That was the year that was….

Firstly forgive my tardiness in not blogging sooner but as regular readers (should such people exist) will know from previous entries, things have been a bit ‘up in the air’ and as such more practical matters have meant I’ve had to devote more time to them rather than updating the public side of this tome. I apologise in that regard, but I do hope if anyone reads this, then they will possibly understand the logic and rationale behind such a pause in entries.

It’s New Years Eve and a great many people are out and about, enjoying themselves, partying away, being sociable, taking pleasure in the company of others and there’s nothing wrong in that whatsoever. Frankly I wish I could join them but regrettably I’m in a more sombre mood, reflecting on the events of the year about to pass, the highs and the lows, the few triumphs and the many grave mistakes, the pleasant but infrequent highs and the more frequent and concerning lows. 2009 has not been a perfect year.

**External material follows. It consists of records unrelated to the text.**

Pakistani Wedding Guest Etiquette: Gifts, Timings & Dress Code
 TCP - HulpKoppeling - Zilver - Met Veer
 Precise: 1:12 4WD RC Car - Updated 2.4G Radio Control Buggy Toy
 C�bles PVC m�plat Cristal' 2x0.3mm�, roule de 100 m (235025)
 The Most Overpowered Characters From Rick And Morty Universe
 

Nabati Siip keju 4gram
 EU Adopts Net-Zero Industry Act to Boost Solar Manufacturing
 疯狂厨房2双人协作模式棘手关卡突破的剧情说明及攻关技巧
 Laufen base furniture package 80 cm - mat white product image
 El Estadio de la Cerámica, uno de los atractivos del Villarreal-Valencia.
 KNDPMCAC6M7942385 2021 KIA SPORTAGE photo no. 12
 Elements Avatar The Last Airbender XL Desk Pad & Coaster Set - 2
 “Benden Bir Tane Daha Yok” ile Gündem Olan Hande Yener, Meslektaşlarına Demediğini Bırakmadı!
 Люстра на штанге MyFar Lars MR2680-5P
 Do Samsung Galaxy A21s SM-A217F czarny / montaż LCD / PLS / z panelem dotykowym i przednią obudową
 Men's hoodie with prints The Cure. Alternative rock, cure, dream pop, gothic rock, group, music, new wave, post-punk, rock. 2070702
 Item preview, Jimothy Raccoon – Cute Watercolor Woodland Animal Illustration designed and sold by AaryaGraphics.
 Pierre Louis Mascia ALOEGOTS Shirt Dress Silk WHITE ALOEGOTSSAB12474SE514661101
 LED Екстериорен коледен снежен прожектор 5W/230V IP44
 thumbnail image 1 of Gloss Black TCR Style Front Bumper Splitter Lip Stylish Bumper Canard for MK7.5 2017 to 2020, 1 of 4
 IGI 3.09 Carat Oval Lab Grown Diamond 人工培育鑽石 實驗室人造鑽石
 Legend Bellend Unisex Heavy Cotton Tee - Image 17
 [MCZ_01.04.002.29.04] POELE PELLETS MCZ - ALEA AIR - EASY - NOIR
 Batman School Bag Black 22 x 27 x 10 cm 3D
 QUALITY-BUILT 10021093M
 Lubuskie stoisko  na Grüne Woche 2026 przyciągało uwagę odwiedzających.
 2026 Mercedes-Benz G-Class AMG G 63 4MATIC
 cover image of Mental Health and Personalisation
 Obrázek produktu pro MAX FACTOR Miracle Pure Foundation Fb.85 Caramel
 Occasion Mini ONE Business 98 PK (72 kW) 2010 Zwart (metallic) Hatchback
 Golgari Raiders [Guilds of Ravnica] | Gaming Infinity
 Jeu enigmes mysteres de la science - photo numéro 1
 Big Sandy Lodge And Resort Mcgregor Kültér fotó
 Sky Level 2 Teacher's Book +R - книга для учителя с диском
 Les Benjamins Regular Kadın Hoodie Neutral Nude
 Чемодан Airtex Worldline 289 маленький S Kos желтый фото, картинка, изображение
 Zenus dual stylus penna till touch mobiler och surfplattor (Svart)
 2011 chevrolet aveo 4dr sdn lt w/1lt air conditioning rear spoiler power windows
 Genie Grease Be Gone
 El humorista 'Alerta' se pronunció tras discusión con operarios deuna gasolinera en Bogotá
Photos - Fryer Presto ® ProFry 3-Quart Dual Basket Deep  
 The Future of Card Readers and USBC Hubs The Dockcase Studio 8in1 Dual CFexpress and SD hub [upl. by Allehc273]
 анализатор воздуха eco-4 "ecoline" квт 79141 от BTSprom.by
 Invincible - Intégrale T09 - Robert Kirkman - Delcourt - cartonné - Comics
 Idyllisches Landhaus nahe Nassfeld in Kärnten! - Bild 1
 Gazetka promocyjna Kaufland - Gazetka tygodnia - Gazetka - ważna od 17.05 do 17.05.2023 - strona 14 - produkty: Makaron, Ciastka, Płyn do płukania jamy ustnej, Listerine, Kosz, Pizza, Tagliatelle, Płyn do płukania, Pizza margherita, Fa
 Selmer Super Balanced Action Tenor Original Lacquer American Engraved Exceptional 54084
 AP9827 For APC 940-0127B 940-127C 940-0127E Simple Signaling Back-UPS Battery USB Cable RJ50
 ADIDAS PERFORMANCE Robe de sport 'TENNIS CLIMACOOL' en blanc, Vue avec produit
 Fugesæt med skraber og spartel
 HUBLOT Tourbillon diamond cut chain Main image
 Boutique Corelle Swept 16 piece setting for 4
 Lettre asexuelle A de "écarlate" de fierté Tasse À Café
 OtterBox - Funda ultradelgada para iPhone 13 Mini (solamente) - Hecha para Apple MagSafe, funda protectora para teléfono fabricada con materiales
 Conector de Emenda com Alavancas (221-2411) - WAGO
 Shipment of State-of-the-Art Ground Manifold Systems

I am reminded at this time of year that I have hurt some of those whom I hold most dear to me. Sometimes through my own stupidity, sometimes through my own lack of awareness of myself and those around me, sometimes through my own lack of consideration and thought, sometimes just by plain old fashioned bad luck. To all those whom recognise themselves and their incidents in those words, I here and now apologise without reservation or hesitation. I am not nor do I claim to be perfect. I can recognise perfection in others but not in myself.

The year to come is likely to be a watershed, not just for me but some of those around me. Regrettably some of the decisions I’ve previously made will play out in the year before us all with unforeseen and negative consequences to some. There will be good of course, but there will also be bad. A lady friend once told me that fate was a bigger bitch than she could ever be and bless her dearly she was right.

There will also be choices I make in the year to come which will equally not be beneficial to all. We all face such choices in life, we do the best we can and hope for the best and I will be wrong in some of those decisions. I’m human, I will make mistakes. I would ask those whom might care about me to attempt to guide me along the best possible path. Ones friends, ones confidants, ones soothsayers are the best defence in life against folly. I’d ask for them to provide me with the wisdom they already have, for the benefit of myself and those I care for, love, respect and cherish.

If I have a New Years Resolution then it would be to not hurt those around me so much in the coming year. I hope not to repeat that in 2010. May your God (should you have one) go with you in life and love.